To his credit, however, Egg appears to be a Targaryen who’s growing up to follow in the footsteps of his uncle Baelor rather than his brother Aerion. He’s up at dawn to put himself and Dunk’s horse through their paces in the world’s most adorable training montage, hoping their combined efforts can somehow help drag their master over the victory line at the joust. He’s curious, works hard, and wants to see how the people live outside of the world he was raised in. He loves watching the tournament and seems to think he could be happy living a simple life in the Reach. Show me any other Targ (okay, maybe Rhaegar) who would ever even consider saying or doing the same. And, most importantly, Egg shows up when it matters. He runs to get help when Tanselle is attacked; he blows his cover to protect Dunk from retaliation. Genuinely, he’s a good kid. That family really doesn’t deserve him.
If you need further proof of that fact, just look to Aerion, Aegon’s older brother, who is comprised of pretty much every awful Targaryen trait you can think of, all mixed into a single arrogant and odious package. He’s cruel and vindictive, for no reason other than he’s allowed to be. He purposefully stabs Ser Humfrey Hardyng’s horse through the throat during a joust because he knows he can get away with it. He is a man who lives without fear of consequences for his behavior, whether it’s essentially crippling a fellow knight or torturing a young woman for daring to allow a papier-mache dragon to be killed as part of her puppet show. Everyone knows what kind of man he is, and precisely how he behaves.
It’s interesting, then, that “The Squire” is also the first episode in which we’ve really seen sustained pushback against the Targaryens, both individually and as a larger concept within the world of Westeros. A riot breaks out after Ser Humfrey falls, complete with commoners throwing things at a swiftly retreating Aerion. (Take a second to try to imagine anything like that ever – ever!! — happening to House of the Dragon’s Daemon. How the mighty have fallen, indeed.) Dunk, bless him, doesn’t want to believe that he killed Hardyngs’s horse on purpose, because that’s dishonorable behavior for a knight. But everyone else seems to take it pretty much as read. Apparently, that’s what we expect from a Targaryen these days: Cruelty and dishonor.

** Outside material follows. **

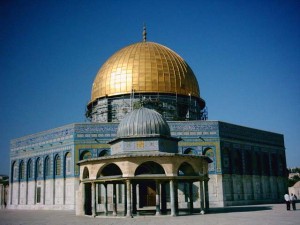 The Dome of the Rock, where Muhammad ascended on the white horse Buraq
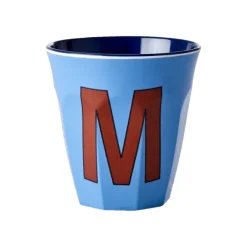 Tasses & Mugs^Rice Gobelet Lettre M En Melamine - Bleu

The song Egg sings at the beginning of the episode offers a pretty rough rundown of the events of the first Blackfyre Rebellion, complete with the kind of bawdy humor and mockery it’s almost guaranteed King Daeron doesn’t like. But such things are just one of many cracks in the family’s crumbling foundation. Their dragons are long dead. The threat of yet another inter-family civil war is high. And nobody seems nearly as in awe of them as they used to be.
Or, as Raymun Fossoway so colorfully puts it: “They’re incestuous aliens, Duncan. Blood magickers and tyrants who’ve burned our lands, enslaved our people, and dragged us into their wars without a mote of respect for our history or our customs. Every pale-haired brat they’ve saddled on us has been madder than the last, god knows how. The only thing a Targaryen can do for this realm is finish on his wife’s tits.”
Doesn’t sound much like a dynasty for the ages when you look at it that way, does it? Maybe Egg’s right to try to run away.